ナチュラル系というか暮らし系の店を一応は覗いたりして、置いてあるもの。特に器系はどうしても見てしまう。


なんで自分はこれを買わないのかなと考えてみた。




価格は安いし、丈夫。何枚もある皿はほぼ違わない表情。


どう考えても優等生だ。



僕が選ぶものは、不揃いだし、サイズは合わないし、次同じ釉薬かけて焼かれたものは違う色をしている。


欠けやすい。色も変わる。




でも、考えたらやはり素材から違うのだ。



量産型のうつわは素材も均一にミックスされている。


味っぽさを出した貫入も大きさが均一だ。



どれも生気がなく、ケミカルな印象を与えている。





拘ってる作家物というのは、自分で山に入って原土からとってくる。



臼みたいなのにゴリゴリして、細かくして、それから水簸をしてさらに滑らかな土に仕上げていく。


不純物が入っていて、データも正確ではない。


人の手で素材を作るので均一感もない。



ただ、それだからこそ、うつわにした時、厚さ数ミリの中に奥行きが生まれている。


貫入は小さなものと大きなものが混在している。


轆轤でひいた形は機械ではでないブレを生じさせる。




トン、とぐい呑を置いた時、なんかいいなあと響くのはやはりこういった手仕事のなせる技から、その気配が伝わってくるからだ。

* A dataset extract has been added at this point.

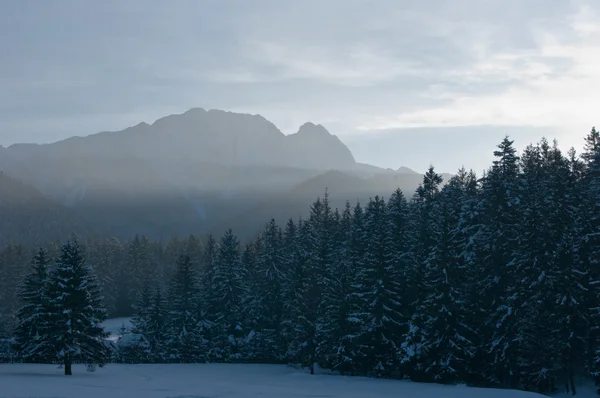 ギエヴォントザコパネのピンと冬の森. — ストック写真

特に、そのブレを生じさせながら、綺麗に作ろうとしてる作品は最高に気持ちがいい。





ナチュラルな、暮らし系の店で量産型の、古さを纏ったような器を見て、それは多分悪い事ではなく僕のほうがマイノリティなのだけれど、



唐津が地元ということがそうさせるのか、あるいは使命感的な気持ちで、どうしても手が出せない自分がいる。



うつわ業界なんてそんないうほど大きな市場ではないけれど、


このスタンスは今後も変えれないんだなあとそういうお店が増える度に感じている。